I have taught U.S. and New Jersey labor history in the Labor Studies department for the last seven years, and my book, Condensed Capitalism, examines how the workers at Camden's Campbell Soup Company built a strong and democratic union. Before working in the academic world, I held a number of jobs in different industries, organizing a union in one and acting as union shop representative in another. My research and experience has taught me that when unions involve their members in active and democratic locals and advance a broad and forceful program, they can build stronger organizations and win significant victories.

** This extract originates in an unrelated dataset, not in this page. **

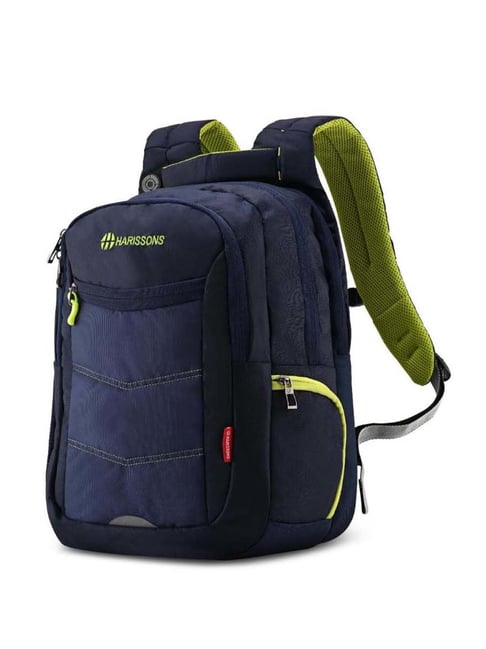 Buy Harissons Ascent Navy Blue Solid Laptop Backpack 40 Ltrs Online At Best Price Tata CLiQ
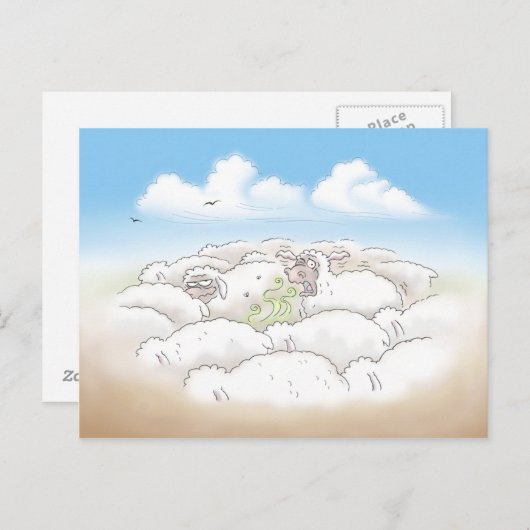Schapen uit op het Briefkaart van de Waaier (Voorkant / Achterkant)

To do my part to strengthen our union, I decided to run for the Executive Board last year. The past year on the board has been a rewarding and challenging experience. Our union made strong arguments for why we deserve transformative changes in our contract. To win such demands, however, we need a strategy to win, one that mobilizes our members, recognizes the power that comes from our essential position in the university, and unites in solidarity with the full-time union. But to get to that point, members need to feel a sense of ownership in their union and become more actively involved on a regular basis. As a member of the Executive Board, I have worked towards those goals, and I am heartened by the new movement among rank-and-file PTLs to build a fighting union. The next two years will be critical to transforming our union in preparation for the next contract battle. I will work vigorously to achieve that transformation.